The sales fueled a further downturn in shares of the electric-vehicle maker on Wednesday, when the stock fell 7.2% to $177.59, its lowest closing price since November 2020. Tesla is currently down 49.6% on the year, which would be far and away the worst year yet for the stock — the previous record annual decline was 2016, when it fell 11%.

The problems for Tesla investors go far beyond Musk selling its stock so that he could overpay for a company with limited growth prospects and a host of other problems, but the poor optics certainly start there.

“He sold caviar to buy a $2 slice of pizza,” said Dan Ives, a Wedbush Securities analyst.

Ives was one of several on Wall Street to predict Musk would need to sell more shares to either close a gap in his financing of the $44 billion deal to buy the social-media company, or provide additional operating funds. In a telephone conversation Wednesday, he said the Twitter move is “a nightmare that just won’t end for Tesla investors.”

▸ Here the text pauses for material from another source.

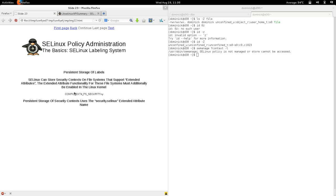Let's discuss persistent storage of labels. Security labels or security contexts can be stored persistently if the filesystem supports extended attributes — specifically the security extended attribute. To use that, you also need to enable the security extended attribute in the kernel at build time. For example, config ext4_fs_security needs to be set to yes for ext4 filesystems.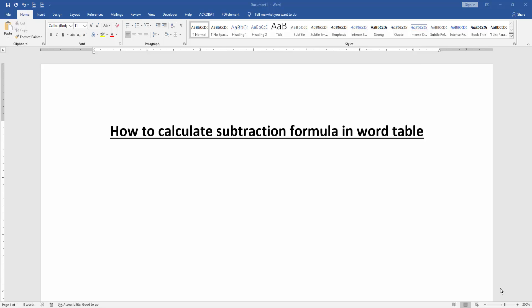Assalamualaikum! Hello friends, how are you? Welcome back to our another video. In this video, I am going to show you how to calculate a subtraction formula in a Microsoft Word table. Let's get started.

One reason it isn’t ending is that Musk’s need for cash in relation to Twitter is not done with the recent sales, portending more in the future. Musk said in a tweet late last week that Twitter had a “massive drop in revenue” due to activists pressuring advertisers to pull their ads, and he will have to continue paying the employees he did not lay off while servicing a debt load that analysts have estimated will cost him $1 billion a year, much more than Twitter has cleared in profit in the past two years. Twitter reported a net loss of $221 million in 2021, and a net loss of $1.13 billion for 2020.

Read more about Elon Musk potentially pumping Tesla stock ahead of a sale

“The first two weeks of ownership have been a ‘Friday the 13th‘ horror show,” Ives said, adding that the verification plan and mass layoffs of 50% of employees — and then trying to rehire some of the engineers, developers and cybersecurity experts — was “really stupid.” And, according to CNBC, Musk has also pulled more than 50 Tesla engineers, many from the Autopilot team, to work at Twitter.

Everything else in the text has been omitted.